Greg June 27, 2012 at 15:18

@Bob,

Ok let’s look at the physics of using Solar as the power source. Using the ISS as the largest deployed in orbit solar panels we have so far that I can tell, Power Generation: 8 solar arrays = 84 kilowatts (from http://www.nasa.gov/mission_pages/station/main/onthestation/facts_and_figures.html)
I couldn’t find just how much power the z-machine uses per pulse, but I backward engineered it, where they use 20 million Amp pulses through tungsten wire, tungsten has a 5.65 micro-Ohm’s per cm of resistivity. Just using 1 cm of wire and Ohm’s law gives 100 volts to produce 20 million amps at that resistance, the power for that pulse is 2 gigawatts for one second input (100v x 20 million Amps). These are all estimates as there is not much information available and so pardon the assumptions made, but based on this type of power source you probably get 1 pulse per 1 hour. Not sure if that would get us useful acceleration.

Greg June 27, 2012 at 15:29

Checked my calculations I was off on my resistivity of Tungsten, the voltage comes out to 1130 v which means the watts per sec is 22.6 Gw per 1 second pulse. So it just emphasizes the point that solar just doesn’t seem to have energy density needed.

Bob June 27, 2012 at 16:11

Greg,

I am not suggesting that solar power is the way to kick start pulsed fusion engines but if it were to be used, neither the current design limitations of the ISS or the Z machine would be relevant to a future design unless it showed no possible future improvement.

However, just for fun, I did a quick calculation and it seems the energy collected in an array of 160m per side would collect 2 billion joules every 6o seconds , an array about 400m per side would give that energy every ten seconds and and array of a 1200m per side (yes, that is big) would provide that energy every one second not counting losses and such and the fact that you want to discharge that energy in one second to get 2 GW.

So, there is a lot of energy available. One would just have to design the system to use it.

Bob June 28, 2012 at 15:11

Greg,

The sun has all the energy one would need. It just needs to be engineered.
Also, there would be no point in using pulsed fusion if you had to supply all the energy to make the reaction go. Might as well make a really big ion engine instead.

ljk June 28, 2012 at 16:45

Bob said on June 28, 2012 at 15:11:

“The sun has all the energy one would need. It just needs to be engineered.
Also, there would be no point in using pulsed fusion if you had to supply all the energy to make the reaction go. Might as well make a really big ion engine instead.”

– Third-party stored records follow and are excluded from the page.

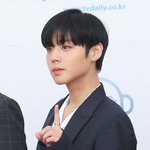 [댓글부탁해] 어제자 흑발한 박지훈????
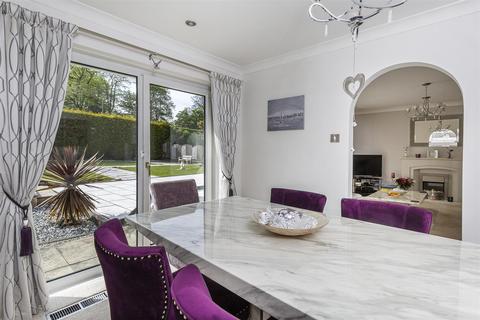 22 Long Fallas Crescent, Brighouse, HD6 3TN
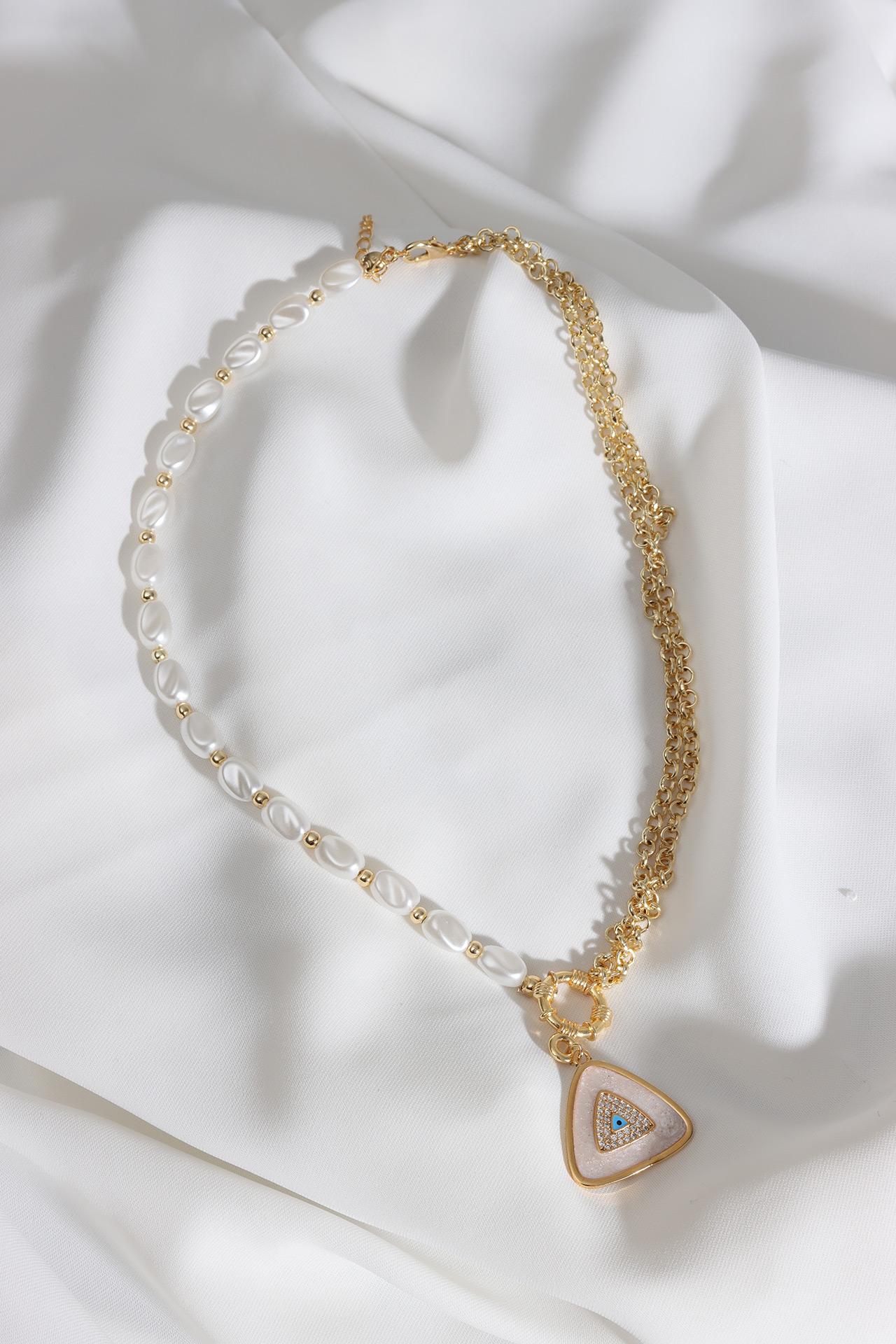

Треугольное жемчужное ожерелье с кремовой эмалью и подвеской от сглаза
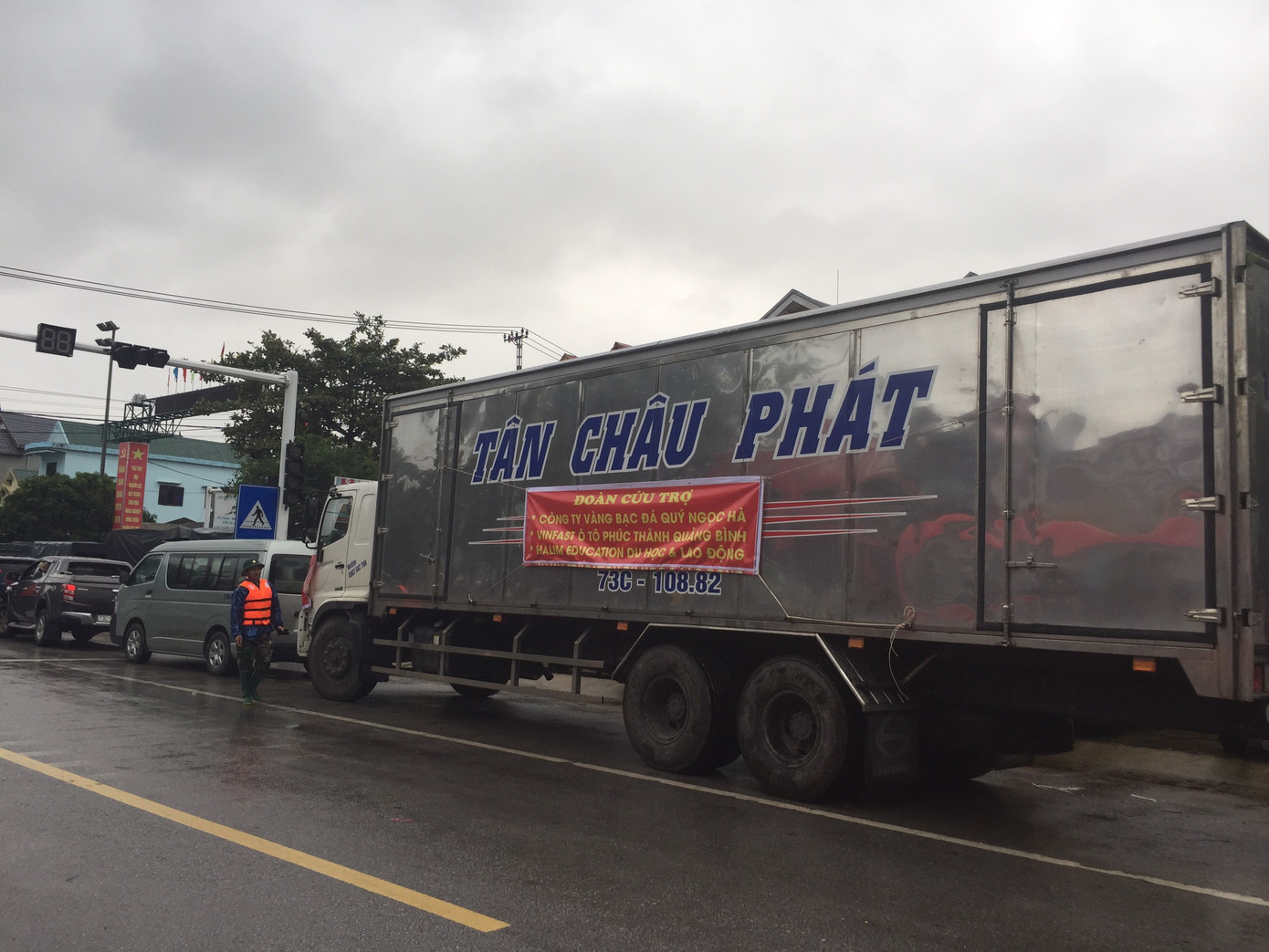 Hàng chục đoàn xe hàng nối nhau cứu viện cho 'rốn lũ' Quảng Bình ảnh 4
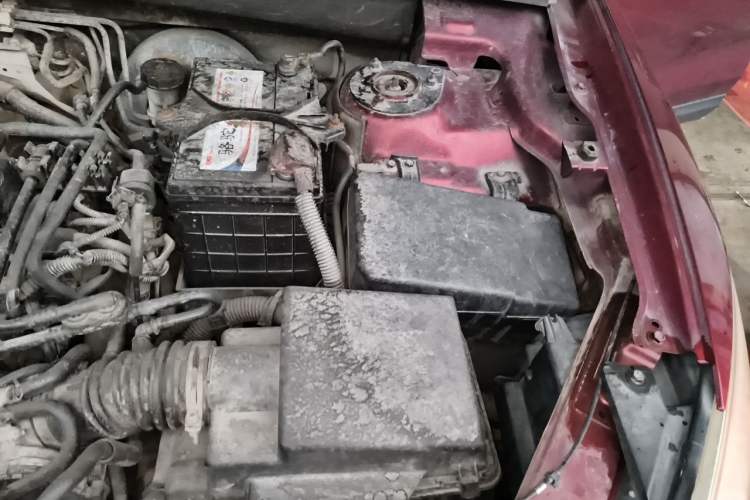 Used Bestune X80 2013 2.0L automatic comfort version Engine Bay Left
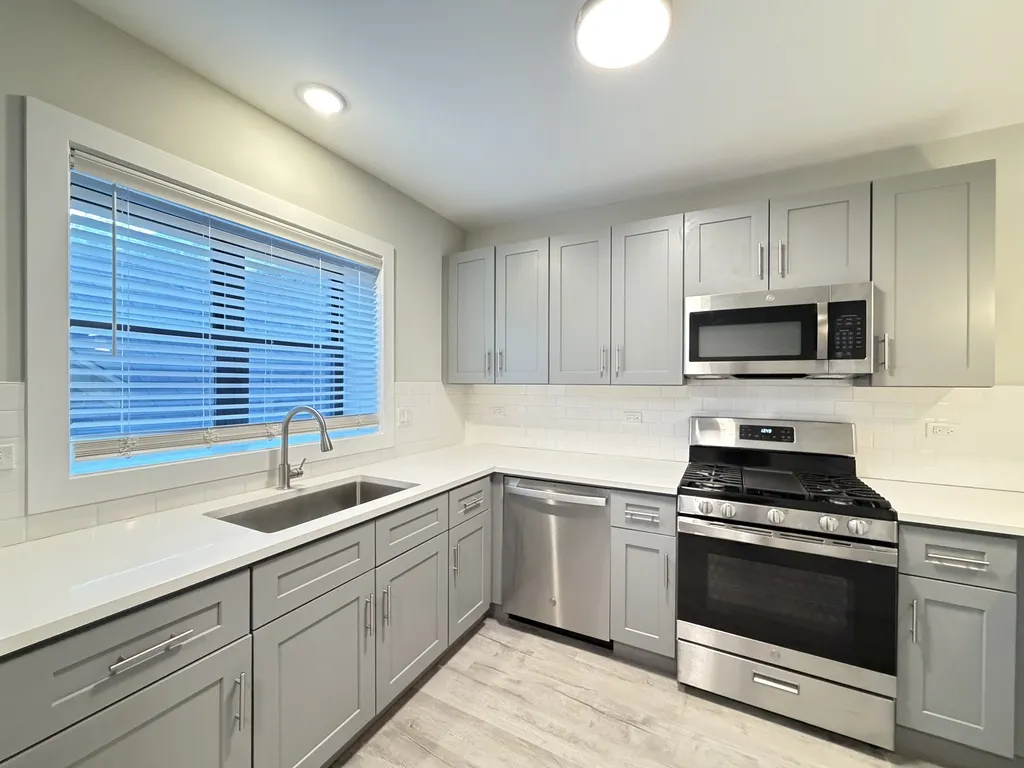 1133 Oak Ave, ,  60202, USA 60202-unit#2E-Evanston-IL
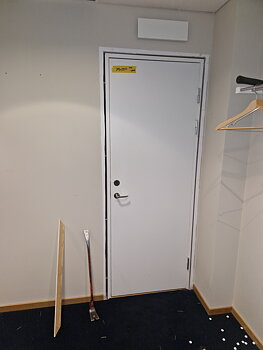 Innerdörr 8x21 HH 30dB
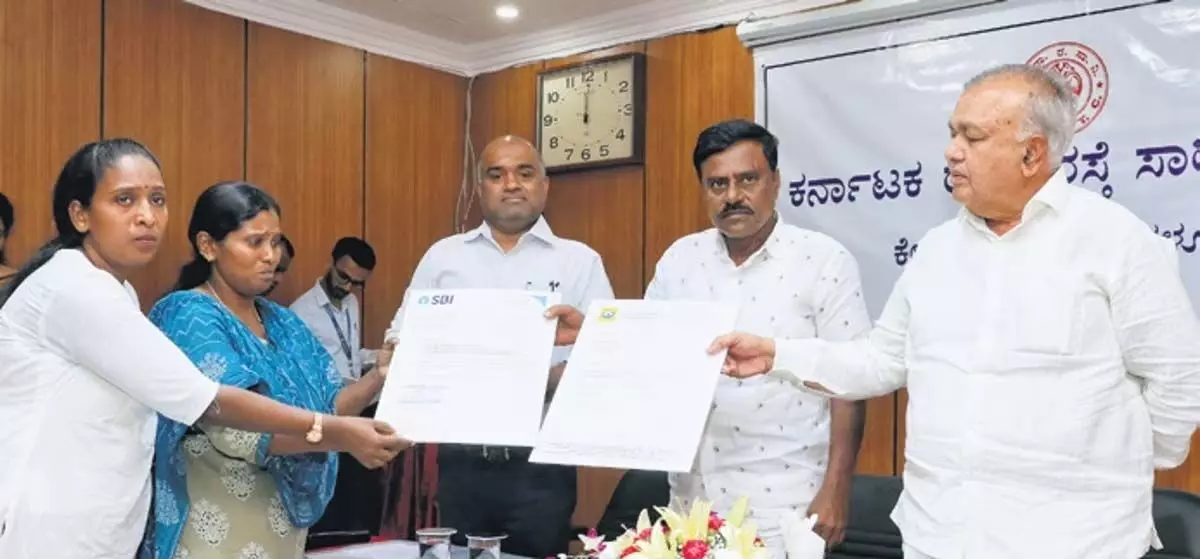 Karnataka: मंत्री ने केएसआरटीसी के चार कर्मचारियों के परिजनों को एक-एक करोड़ रुपये दिए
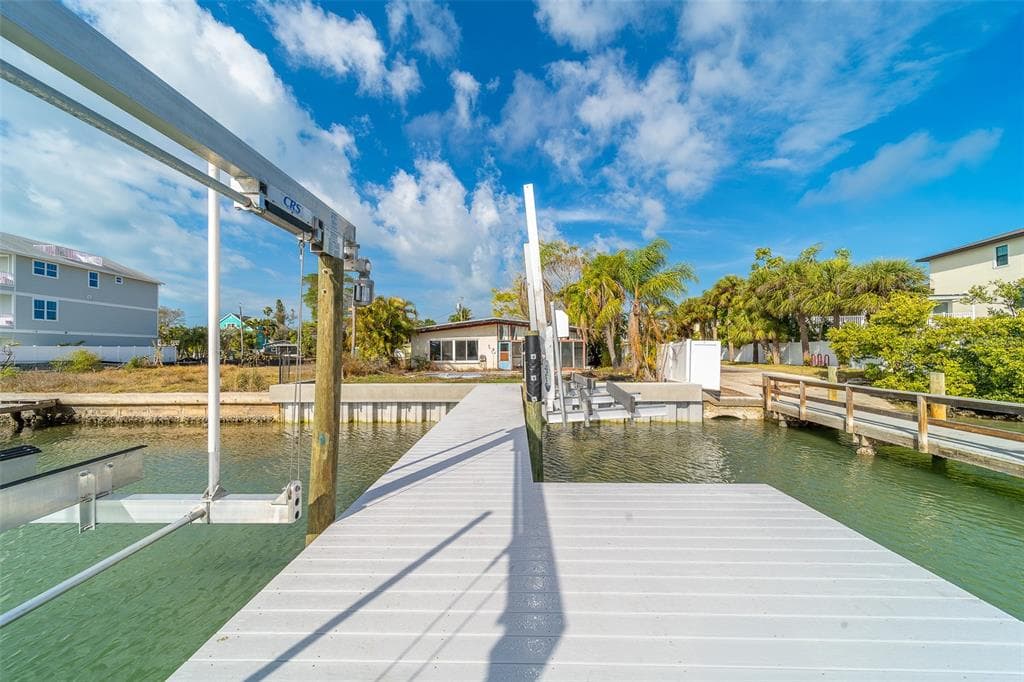 1217 BAY SHORE BOULEVARD 3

It’s funny that you mention an ion engine for interstellar propulsion, because Ted Merkle, the guy who was the director of Project Pluto during the Cold War (the nuclear-powered nuclear missile concept), was also interested in using ion to get around the galay – and I quote from here:

http://www.merkle.com/pluto/side.html

“In fact, Merkle’s impatience was legendary. Testifying before Congress on spaceships of the future, Merkle dubbed a nuclear rocket then under development at the rival Los Alamos lab “Old Pokey.” He said he wanted to explore the cosmos in a near-light-speed, ion-propelled rocket.”

Jason June 29, 2012 at 16:38

Greg, your nuclear reactor comment is spot on. The z-pinch concept we are investigating is pulsed, unlike the original 1957 reactor concept. The instantaneous power during the pulse is actually better measured in Terawatts. DM2, which we are calling the Charger Facility (Charger being the UAH mascot), is capable of 3 TW for about 200 to 500 ns. A breakeven experiment would require about 50 MJ or so, about 100 times our current capability. A fusion propulsion system will need a separate nuclear fission reactor for startups, and continuous fusion reactor power would be in the Gigawatts (time averaged).

Greg July 2, 2012 at 14:57

Jason,

Thanks for filling in the blanks! Very interesting, if you need a 50 MJ for breakeven, I can’t help notice that’s a bit more than what the Navy’s rail-gun that provided 32MJ but a bit less than the 64MJ rail-gun of 2020. I would be curious if either technology could benefit from each other?!